And I’m posting here because I had this flash feeling of … possibility. Like, I could DO this. It’s really possible. Some of these tuition rates are not so out of reach (assuming I also get scholarships, which I’d definitely apply for).
Can you even imagine it? Me? Quitting my day job and taking CLASSES again? Can you imagine me getting a B.S. or something? It’s so crazy and free-feeling. I don’t actually see how a B.S. could help me in the future, but I crave one. It’s an old standard of self-worth I’ve struggled against for years (in my family, it was always just an assumption that we’d go to college after high school. What else would we do? Then I had my first mental breakdown and had to come to terms with a different outlook on my life). It’s years of coming to terms with being the low man on the educational totem pole in my entire extended family (minus the guy who just graduated high school this year). I’ve swallowed down most of that pretty successfully but seeing this now… so potentially doable… It’s a bit intoxicating.
It would turn my life upside down again. I cannot FATHOM not having work as the main focus. I actually just recently took on second, part-time job in addition to my “real” job. Even though that’s the kind of thing that aided to my most recent mental breakdown, and even my mom discouraged me from accepting this contract, I still found I could NOT pass up an opportunity to earn more money.
Could I relinquish the main focus of money-earning? Or would I be too insecure-feeling? I’d still hold onto the part-time contract, as possible.
I’m just such a BAD student, on top of this. I can’t read a text book to save my life and I miss assignments any time they deviate from the syllabus. I have to get special permissions for notetakers in class because my own notes consistently focus on the wrong things the professors say (what’s important and interesting to me turns out to be things that don’t show up on exams). I get special permissions to have my textbooks turned into audio files that I can listen to. But I can’t write a paper to save my life, either (you’ve all seen my writing. Imagine me formatting this into a coherent, linear, grammatically-correct document?).
But I freaking LOVE learning. If I could, I’d audit every class in the world. (Here, auditing means attending lectures but not having to turn in papers or take tests, and of course receive no credit for having audited the course).
I’m usually good at test-taking, so long as the tests are based on concepts and not precise details. I won’t remember dates. I won’t remember names. But I’ll remember a concept forever once I get it. I’m not afraid of the tests. It’s EVERYTHING else that I’m afraid of.
The idea of turning up my comfy world and trying something so different feels a bit like removing the safety net from beneath me. It’s terrifying. BUT SO TEMPTING!!!!! Can you imagine??? My life would be so, SO different.

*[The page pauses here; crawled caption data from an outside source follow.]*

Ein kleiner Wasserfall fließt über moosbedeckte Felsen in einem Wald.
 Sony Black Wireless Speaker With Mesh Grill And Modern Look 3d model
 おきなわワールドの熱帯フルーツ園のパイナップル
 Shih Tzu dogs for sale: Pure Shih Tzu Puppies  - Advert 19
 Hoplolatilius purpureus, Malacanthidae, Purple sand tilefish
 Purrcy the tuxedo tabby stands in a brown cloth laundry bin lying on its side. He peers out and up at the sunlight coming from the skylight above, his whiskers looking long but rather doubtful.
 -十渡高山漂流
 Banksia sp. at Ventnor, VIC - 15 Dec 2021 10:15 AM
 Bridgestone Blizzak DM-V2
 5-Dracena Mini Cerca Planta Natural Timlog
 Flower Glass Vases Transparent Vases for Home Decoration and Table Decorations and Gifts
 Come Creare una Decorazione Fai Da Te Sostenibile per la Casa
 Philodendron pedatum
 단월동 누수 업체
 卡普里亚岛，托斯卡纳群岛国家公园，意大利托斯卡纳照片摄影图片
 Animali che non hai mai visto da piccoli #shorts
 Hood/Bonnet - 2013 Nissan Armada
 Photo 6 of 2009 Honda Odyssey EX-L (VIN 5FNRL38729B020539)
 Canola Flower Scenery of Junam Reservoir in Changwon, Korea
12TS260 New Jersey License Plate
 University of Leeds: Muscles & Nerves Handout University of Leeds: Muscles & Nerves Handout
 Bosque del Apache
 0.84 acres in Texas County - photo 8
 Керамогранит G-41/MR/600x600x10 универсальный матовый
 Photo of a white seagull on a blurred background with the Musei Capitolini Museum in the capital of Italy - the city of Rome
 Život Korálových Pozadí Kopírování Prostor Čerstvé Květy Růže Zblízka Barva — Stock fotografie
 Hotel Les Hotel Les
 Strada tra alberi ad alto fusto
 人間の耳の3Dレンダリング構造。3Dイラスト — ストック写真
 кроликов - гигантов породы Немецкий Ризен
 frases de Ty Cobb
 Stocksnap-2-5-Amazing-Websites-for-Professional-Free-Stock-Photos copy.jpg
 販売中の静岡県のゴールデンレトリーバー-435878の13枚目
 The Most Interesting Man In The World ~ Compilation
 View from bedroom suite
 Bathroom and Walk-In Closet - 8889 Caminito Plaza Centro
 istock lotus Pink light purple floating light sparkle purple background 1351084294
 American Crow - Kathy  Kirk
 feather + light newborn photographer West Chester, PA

AND, what would I focus on?? My first try at college would have had me wind up with an Art degree. I only needed the upper levels courses for that — I completed all the basics for it. But now, because I freaking love writing out monthly budgets and love the topic of money in general and most things that have to do with money, I have started to think I’d be really interested in Accounting. If I scroll down a list of topics, all of them sound interesting, too. So hmmmmm… At the same time, would I be able to handle a more sedentary job? I love computer work and definitely prefer that aspect of my current job. But historically, I really do best with tactile, hands-on jobs. And my REAL dream is to work in Animal Rescue, so what could I study that would help me with that? I’m too allergic to animals to do VETT studies.
I like to imagine I’d have the self-discipline nowadays to accomplish online courses. But in reality? I really don’t know. I have not had motivation in the past — I’ve done much better with in-person lectures. I’m living within walking/bicycling distance of several colleges/schools right now — it’s not impossible to think of taking in-person classes. But then I’d have to deal with my own tendency toward tardiness. I have no track record for attending classes on time, because of my anxiety. So much to consider and no idea how to decide!
Update: I’m not sure why wordpress deleted all of my paragraph breaks. I think I’ve put them back in where they were originally, but it might not be identical.